══ TASK DATA

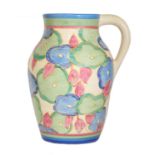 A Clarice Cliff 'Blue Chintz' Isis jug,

════
══ TASK DATA

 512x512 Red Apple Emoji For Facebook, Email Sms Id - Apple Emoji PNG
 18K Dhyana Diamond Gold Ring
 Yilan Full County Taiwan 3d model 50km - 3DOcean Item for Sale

════

#### WHAT YOU NEED TO DO:
Give an exact copy of the lines above from the line with "512x512 Red Apple" up to and including the line with "Yilan Full County", and leave everything else out.

#### RESPONSE FOR THIS EXERCISE:
 512x512 Red Apple Emoji For Facebook, Email Sms Id - Apple Emoji PNG
 18K Dhyana Diamond Gold Ring
 Yilan Full County Taiwan 3d model 50km - 3DOcean Item for Sale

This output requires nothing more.